Тем не менее, весь 2008 год (в этом году я в последний раз был в России, потому что Кремль закрыл мою газету, а один из его громил выступил по радио с угрожающими заявлениями в мой адрес) Немцов, как и прочие ведущие либералы из 90-х годов, сдерживал свои оппозиционные настроения. Казалось, он не хочет сжигать все мосты, ведущие в Кремль, и полностью присоединяться к радикальной оппозиции, как это сделал Лимонов.

Я спросил Лимонова, почему Немцов, Хакамада и прочие в 2007 году не проявляли особых оппозиционных настроений по отношению к Путину. Может, они не хотели лишаться того заветного и удобного внешнего блеска, который приобрели в годы Ельцина и позднее? Ответ Лимонова стоит процитировать целиком:

Все гораздо проще. Путинский режим — это либеральный режим, и поэтому естественно, что либералы типа Хакамады и Немцова не хотят всерьез выступать против него. Вы посмотрите на путинскую экономическую программу: снижение налогов, концентрация богатства в руках олигархов, строгий бюджет. Кремлевская идеология в своей основе - та же самая, что у Хакамады и Немцова, а поэтому им нет смысла выступать против Кремля, как это делает моя организация. Они могут спорить лишь о деталях либерализма, о том, кто и чем должен владеть, и как это реализовать на практике.

Когда Немцов ушел в оппозицию, его политика мало изменилась по сравнению с тем временем, когда он в 1997 году въехал в ельцинский Кремль. Главным для него осталась борьба с коррупцией. Все та же неолиберальная песня, и она имеет весьма любопытную особенность каждый раз получаться очень плохо. Борьба с коррупцией — не политика, это некое устремление, всегда обретающее некие неолиберальные, олигархические и авторитарные наклонности, по крайней мере, в наше время.

В ельцинскую эпоху было так много заказных убийств и нападений на журналистов и политических деятелей, что их уже никто не помнит. Был телеведущий Владислав Листьев, чье убийство шокировало россиян сильнее любого другого убийства той поры. Считается, что его убил главный «семейный» олигарх Ельцина Борис Березовский. Был автор журналистских расследований Дмитрий Холодов, погибший от заложенного в дипломат взрывного устройства в то время, когда он расследовал деятельность ельцинского министра обороны. Была либеральная активистка Галина Старовойтова, которую застрелили в подъезде возле собственной квартиры в 1998 году. Мы не помним, чтобы какие-то из этих убийств были совершены по вине Ельцина, как не помним сотни убитых людей, когда Ельцин в 1993 году направил танки на свой парламент, не помним десятки тысяч убитых в ходе ельцинской войны в Чечне. В этих убийствах, а также в смерти миллионов людей, раньше срока сошедших в могилу из-за реформ шоковой терапии, виноваты безликие силы, но не либерализм свободного рынка, не его западные проповедники и спонсоры.

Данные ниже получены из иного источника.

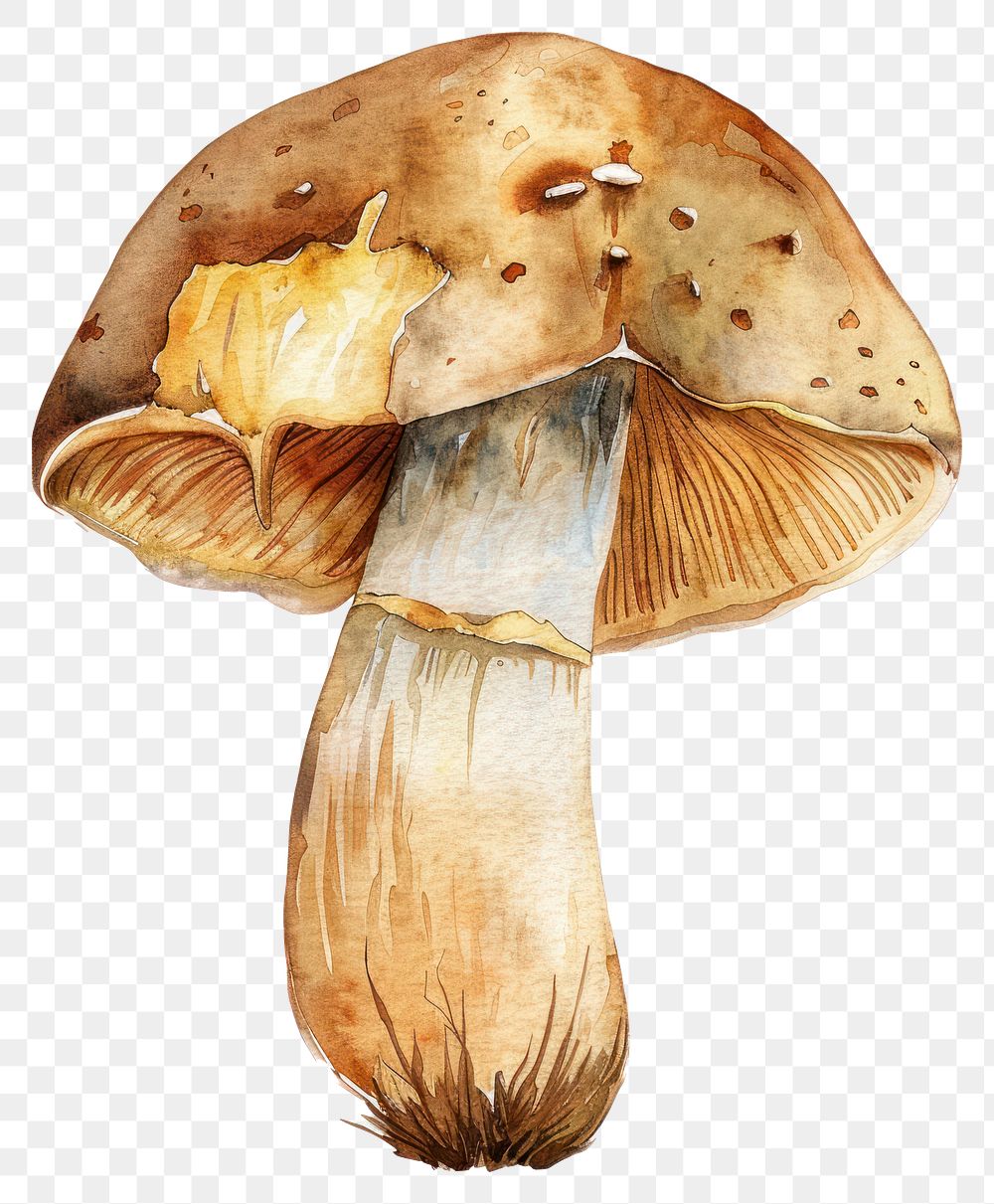 PNG Watercolor illustration of mushroom fungus fungi botanical.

Жалость, сострадание и возмущение — не те чувства, которые мы проявляем равномерно и справедливо. Убийство Немцова значит гораздо больше, чем убийство Старовойтовой, Листьева и Холодова, потому что мы уже не знаем, в каком направлении движется Россия, и кого именно представляет Владимир Путин. Мы знаем, что он как никогда популярен, и что российский либерализм сегодня сместился на самый далекий задний план с момента распада Советского Союза. И подо всем этим кроется некое устойчивое беспокойство: может, мы как-то с этим связаны, может, мы являемся частью этой проблемы? Как Немцов был частью проблемы.

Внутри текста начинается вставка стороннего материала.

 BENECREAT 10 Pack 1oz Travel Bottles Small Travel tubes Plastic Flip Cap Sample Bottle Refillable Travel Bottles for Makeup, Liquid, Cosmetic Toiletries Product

Но Немцов мертв, и сейчас любой может поглазеть на фотографии его трупа в интернете. Его убийство напугало россиян, которые живут там. Но для нас, живущих здесь, в нем есть нечто большее — некое кармическое спасение, отпущение грехов всем тем, кто сыграл свою роль в трагической постсоветской истории России. Такая повествовательная нить была бессмысленна, пока Немцова не убили прямо у стен путинского Кремля.